And when it all finished, only one team representing one city in the world was still standing.

Getting There

The GPL began in February with Draft Day, and the twelve teams then began play on April 5. By the end of October, a total of 174 matches had been played, and eight teams were qualified for the playoffs. In order of points won throughout the season, the teams were:

Americas Conference:

1st place:  Montreal Nationals

2nd place:  LA Sunset

3rd place:  Sao Paulo Metropolitans

4th place:  San Francisco Rush

Eurasia Conference:

1st place:  Moscow Wolverines

2nd place:  Hong Kong Stars

3rd place:  Berlin Bears

4th place:  London Royals

gpl-finals-bracket

On Tuesday, November 29, the Americas teams gathered around the Cube and played for a position in the finals. To get to the playoffs, the Montreal Nationals beat the San Francisco Rush, and the LA Sunset beat the Sao Paulo Mets.

In a best-of-seven semi-finals series, the Sunset and Nationals battled in six total matches. Mike McDonald beat Chance Kornuth and Pascal Lefrancois took down Olivier Busquet to put the Nationals ahead by two from the start. Maria Ho then took one from Marc-Andre Ladouceur and Kornuth from McDonald to tie up the games. But Ladouceur defeated Busquet and then Ho to push his Montreal team to the finals for the Americas.
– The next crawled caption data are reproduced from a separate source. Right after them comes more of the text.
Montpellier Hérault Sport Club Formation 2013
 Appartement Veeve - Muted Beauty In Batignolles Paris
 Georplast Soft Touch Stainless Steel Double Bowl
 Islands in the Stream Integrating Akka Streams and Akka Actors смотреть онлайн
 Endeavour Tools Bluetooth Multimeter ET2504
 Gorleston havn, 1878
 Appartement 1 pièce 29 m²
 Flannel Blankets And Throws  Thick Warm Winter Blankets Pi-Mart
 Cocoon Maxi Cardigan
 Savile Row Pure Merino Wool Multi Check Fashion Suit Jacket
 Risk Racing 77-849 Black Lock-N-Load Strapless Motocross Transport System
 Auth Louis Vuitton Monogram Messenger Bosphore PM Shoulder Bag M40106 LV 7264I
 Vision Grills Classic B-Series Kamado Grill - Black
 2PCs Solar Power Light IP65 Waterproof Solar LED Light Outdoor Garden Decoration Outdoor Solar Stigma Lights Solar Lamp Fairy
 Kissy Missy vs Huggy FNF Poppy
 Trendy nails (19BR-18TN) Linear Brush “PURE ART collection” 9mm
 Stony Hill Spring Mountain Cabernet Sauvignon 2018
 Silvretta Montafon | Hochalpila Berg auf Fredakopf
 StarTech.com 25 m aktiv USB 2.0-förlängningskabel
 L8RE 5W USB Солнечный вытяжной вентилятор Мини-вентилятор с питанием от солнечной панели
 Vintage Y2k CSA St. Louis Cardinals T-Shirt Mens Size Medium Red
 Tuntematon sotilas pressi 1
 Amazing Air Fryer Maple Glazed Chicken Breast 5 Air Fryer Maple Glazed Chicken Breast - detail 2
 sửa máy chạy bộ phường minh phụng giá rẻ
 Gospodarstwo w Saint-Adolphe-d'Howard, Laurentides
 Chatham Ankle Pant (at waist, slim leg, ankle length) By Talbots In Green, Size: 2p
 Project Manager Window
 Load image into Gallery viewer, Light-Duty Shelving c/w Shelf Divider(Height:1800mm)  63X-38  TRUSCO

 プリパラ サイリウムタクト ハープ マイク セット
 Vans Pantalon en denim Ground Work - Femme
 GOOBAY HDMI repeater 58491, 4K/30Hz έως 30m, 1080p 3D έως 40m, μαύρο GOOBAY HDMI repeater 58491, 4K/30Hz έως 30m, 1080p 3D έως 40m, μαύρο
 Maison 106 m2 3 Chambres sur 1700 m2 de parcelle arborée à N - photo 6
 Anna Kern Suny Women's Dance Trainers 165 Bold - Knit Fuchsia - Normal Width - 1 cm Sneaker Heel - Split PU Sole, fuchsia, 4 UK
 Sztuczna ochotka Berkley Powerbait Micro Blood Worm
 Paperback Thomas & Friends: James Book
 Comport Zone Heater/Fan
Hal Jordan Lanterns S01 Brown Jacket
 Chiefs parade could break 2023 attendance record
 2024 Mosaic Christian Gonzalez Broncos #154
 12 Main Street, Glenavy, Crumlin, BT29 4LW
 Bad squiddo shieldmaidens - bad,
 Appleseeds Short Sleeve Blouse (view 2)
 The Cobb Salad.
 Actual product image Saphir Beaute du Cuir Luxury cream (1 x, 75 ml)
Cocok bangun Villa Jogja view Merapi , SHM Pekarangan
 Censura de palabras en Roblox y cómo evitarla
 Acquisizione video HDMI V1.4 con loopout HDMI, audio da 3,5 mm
On November 30, the Moscow Wolverines defeated the London Royals, and the Berlin Bears did the same to the Hong Kong Stars.

That semi-finals round started with Brian Rast taking one from Andrey Pateychuk, but Moscow mounted a comeback when Igor Yaroshevsky won over Sorel Mizzi and Anatoly Filatov over Bill Perkins. But then Rast beat Pateychuk again, and Mizzi got revenge on Yaroshevsky with a win. When Filatov beat Perkins for a second time, it went to the seventh match, at which time Rast emerged victorious over Filatov. The Bears made it to the finals to represent Eurasia.

Fighting Through Finals for Victory

On Thursday, December 1, the two remaining teams entered the studio to battle it out for the Season 1 title and $100,000 in cash. There were 11 matches on tap for the Berlin Bears and Montreal Nationals.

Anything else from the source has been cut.